## Extracted information
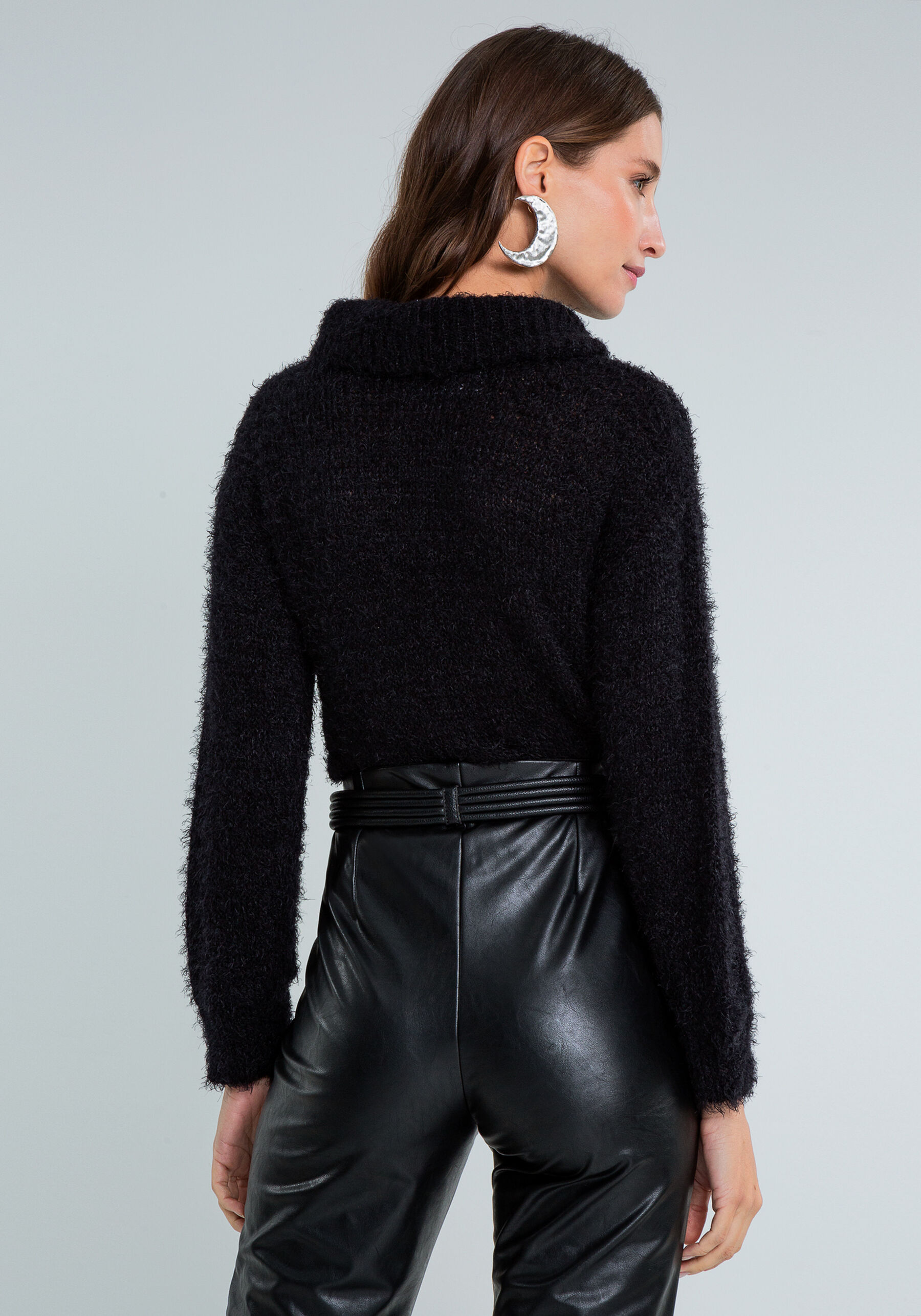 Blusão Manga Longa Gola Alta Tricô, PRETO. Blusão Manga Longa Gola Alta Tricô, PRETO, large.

==

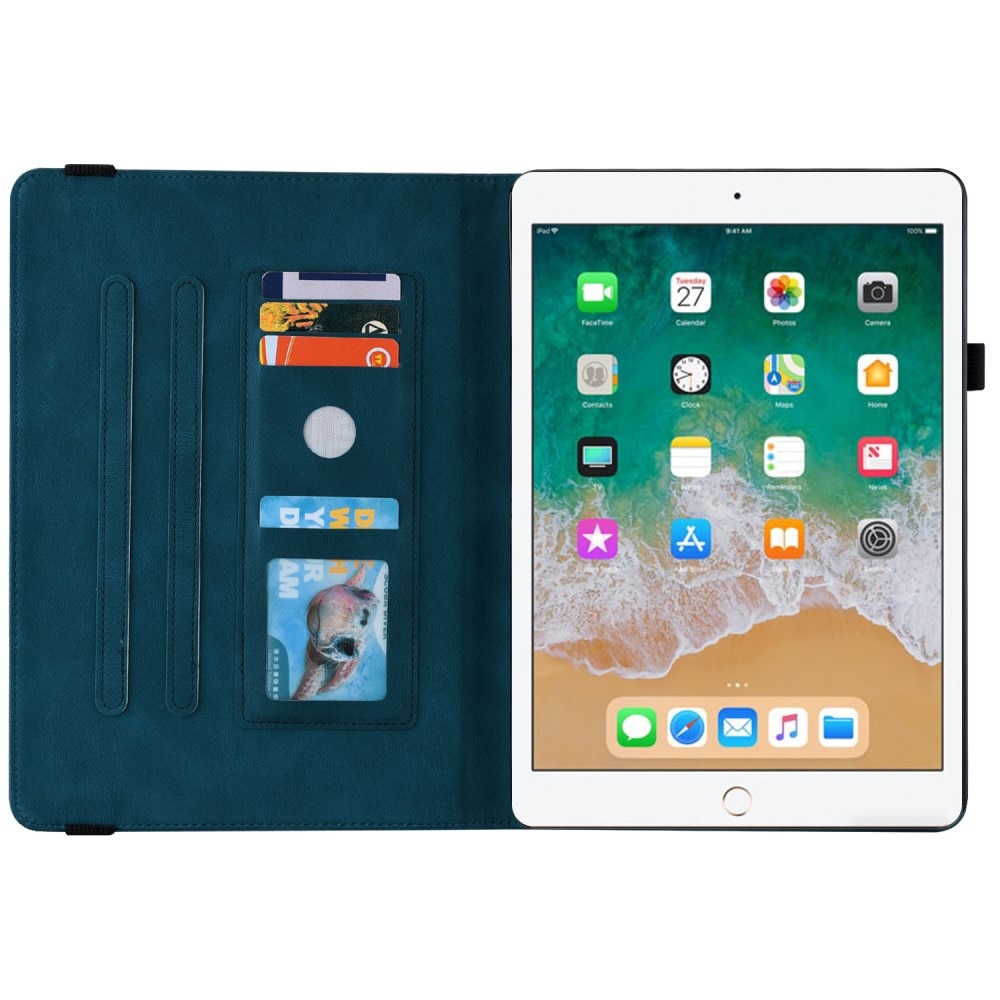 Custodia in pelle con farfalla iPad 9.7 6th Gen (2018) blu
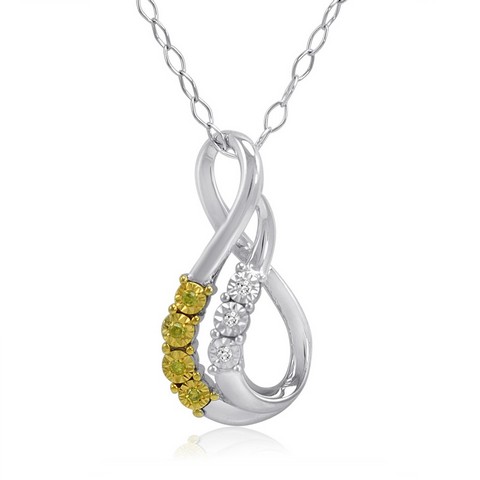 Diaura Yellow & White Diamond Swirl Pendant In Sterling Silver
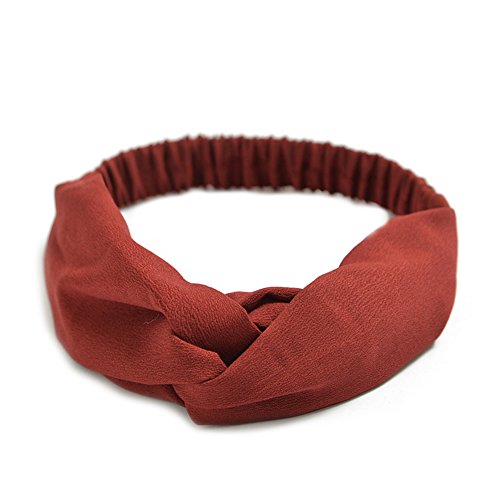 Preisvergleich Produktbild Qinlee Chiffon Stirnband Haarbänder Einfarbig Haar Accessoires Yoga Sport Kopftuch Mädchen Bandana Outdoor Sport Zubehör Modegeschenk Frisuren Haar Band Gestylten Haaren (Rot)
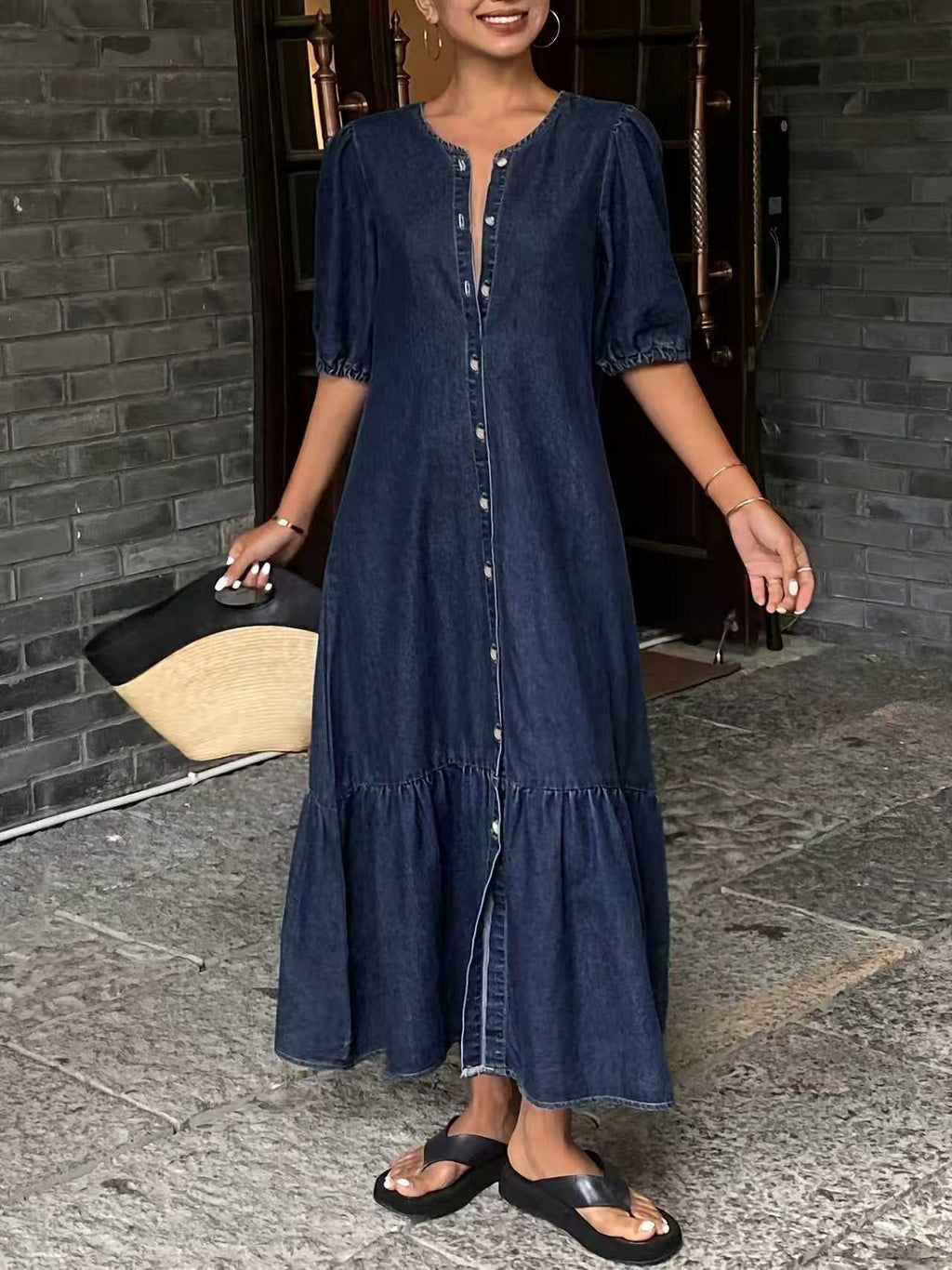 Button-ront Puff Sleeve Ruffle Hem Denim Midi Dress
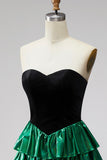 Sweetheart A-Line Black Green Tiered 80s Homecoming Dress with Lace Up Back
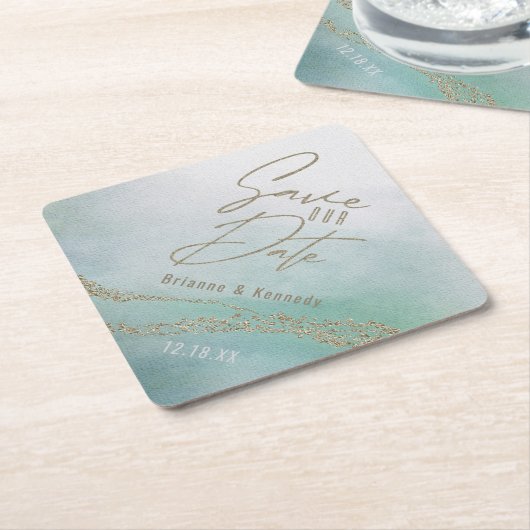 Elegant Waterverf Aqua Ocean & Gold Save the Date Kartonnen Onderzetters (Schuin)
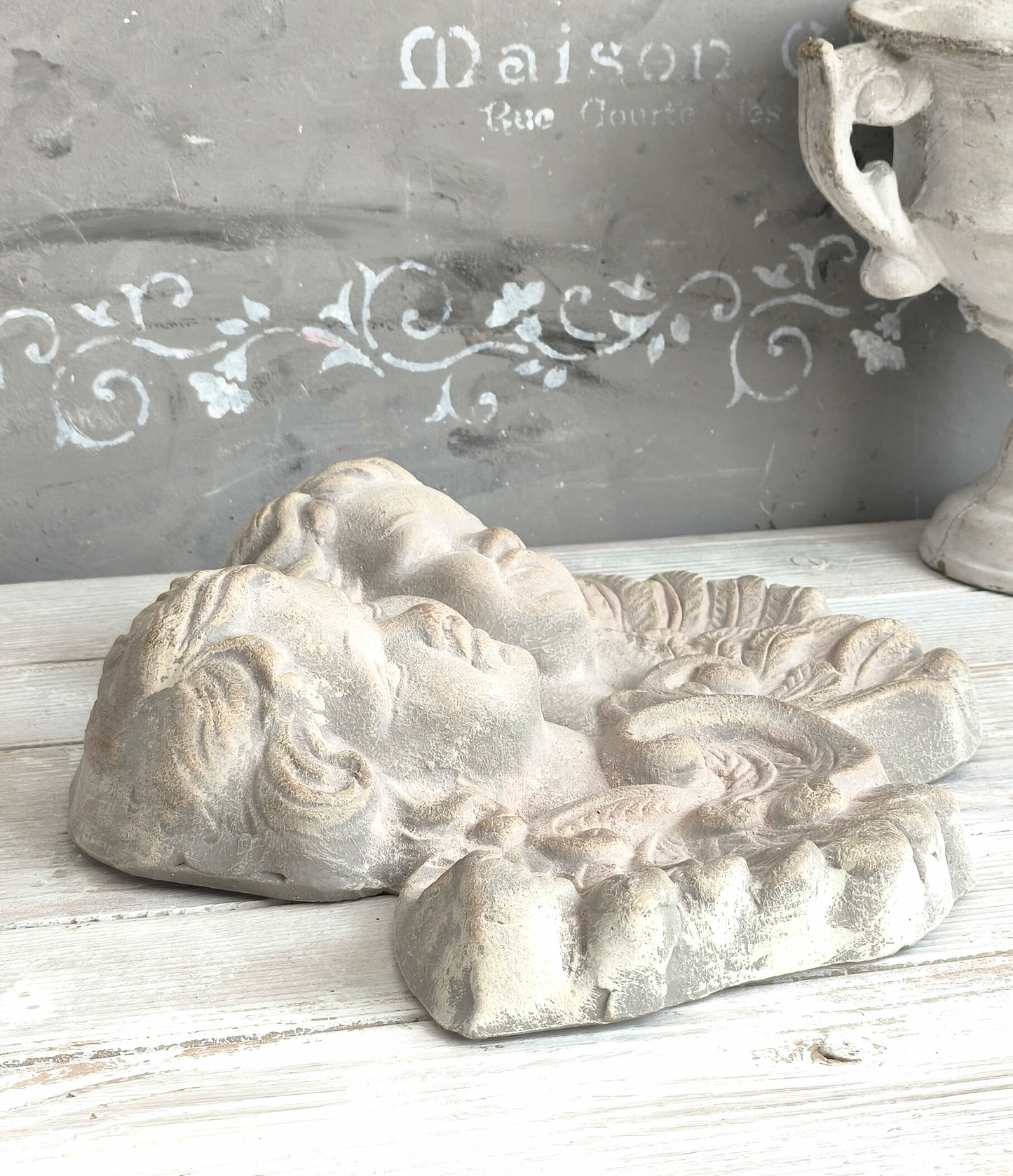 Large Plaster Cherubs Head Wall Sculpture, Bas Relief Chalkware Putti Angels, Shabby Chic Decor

---

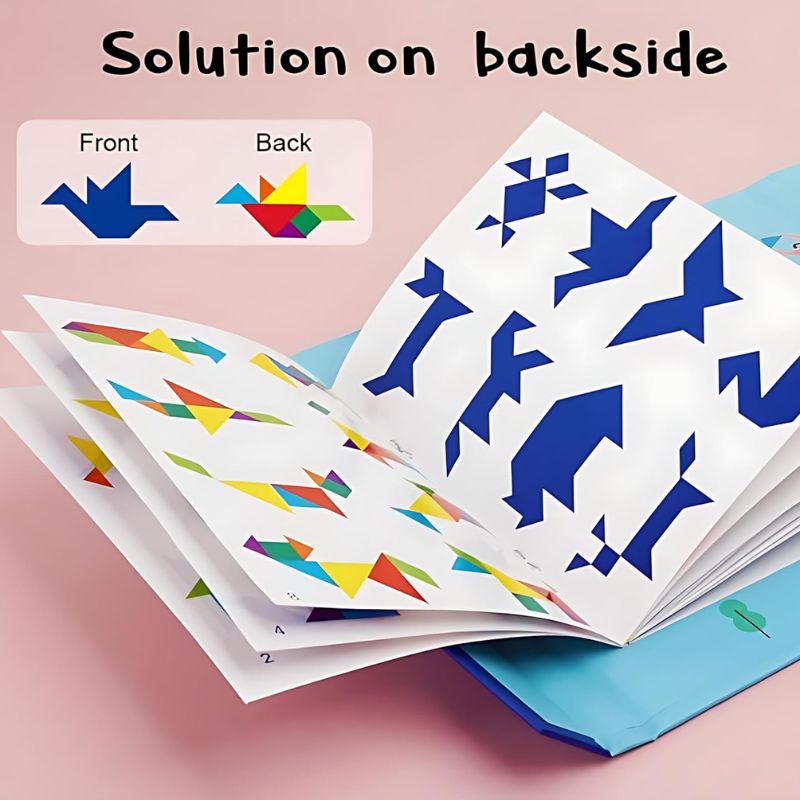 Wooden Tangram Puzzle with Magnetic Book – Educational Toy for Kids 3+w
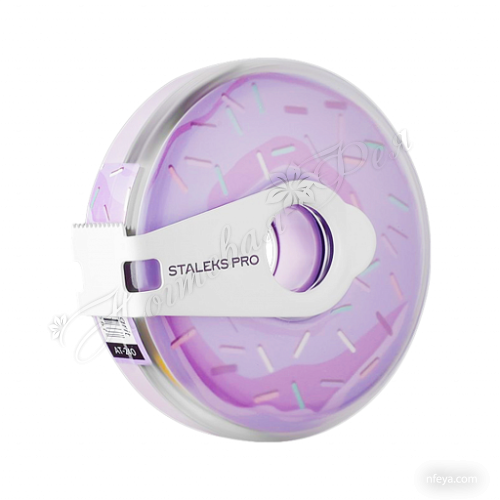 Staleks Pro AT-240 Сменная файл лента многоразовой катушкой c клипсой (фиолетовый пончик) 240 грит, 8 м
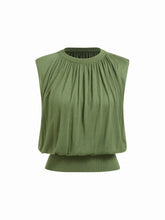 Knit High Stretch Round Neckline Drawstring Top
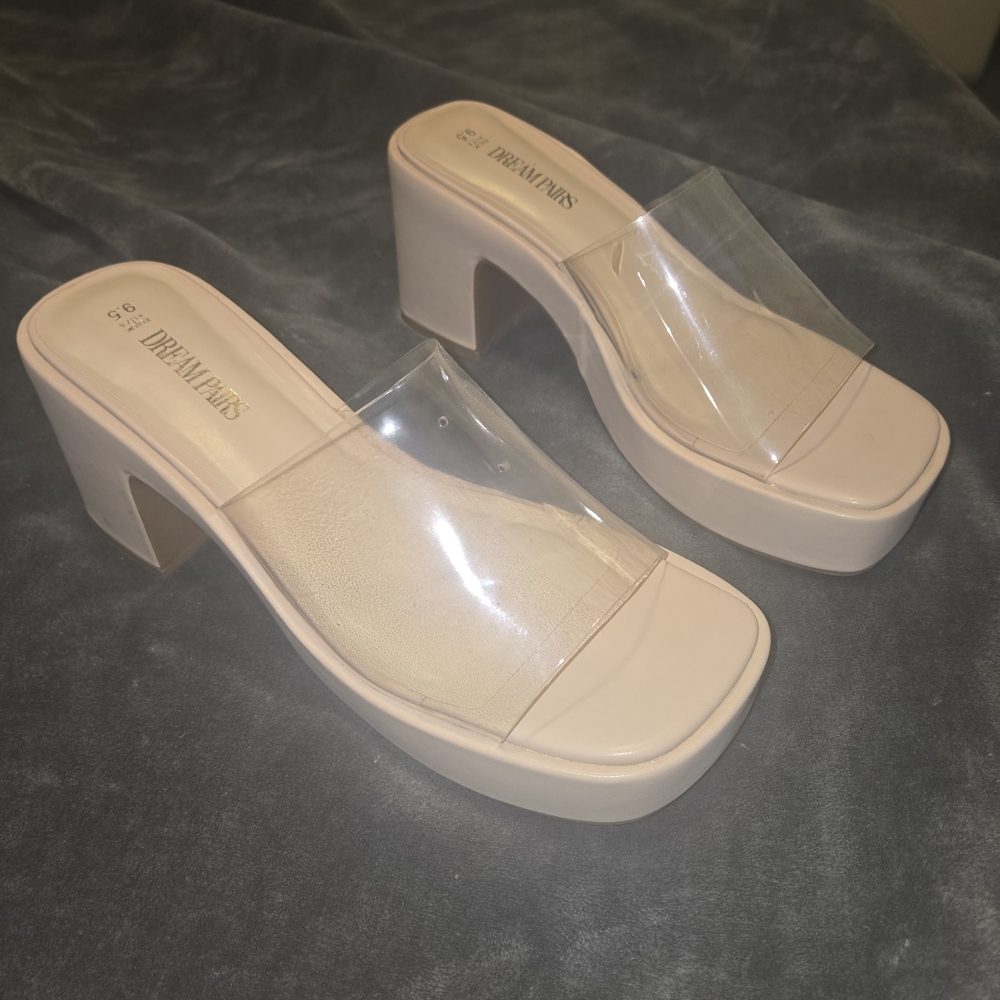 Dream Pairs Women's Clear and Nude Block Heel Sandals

## Work instruction
An exact copy is needed of the stretch above that opens with the line containing "Custodia in pelle" and closes with the line containing "Large Plaster Cherubs"; the pictures are not part of it.

## Exercise response
 Custodia in pelle con farfalla iPad 9.7 6th Gen (2018) blu
 Diaura Yellow & White Diamond Swirl Pendant In Sterling Silver
 Preisvergleich Produktbild Qinlee Chiffon Stirnband Haarbänder Einfarbig Haar Accessoires Yoga Sport Kopftuch Mädchen Bandana Outdoor Sport Zubehör Modegeschenk Frisuren Haar Band Gestylten Haaren (Rot)
 Button-ront Puff Sleeve Ruffle Hem Denim Midi Dress
 Sweetheart A-Line Black Green Tiered 80s Homecoming Dress with Lace Up Back
 Elegant Waterverf Aqua Ocean & Gold Save the Date Kartonnen Onderzetters (Schuin)
 Large Plaster Cherubs Head Wall Sculpture, Bas Relief Chalkware Putti Angels, Shabby Chic Decor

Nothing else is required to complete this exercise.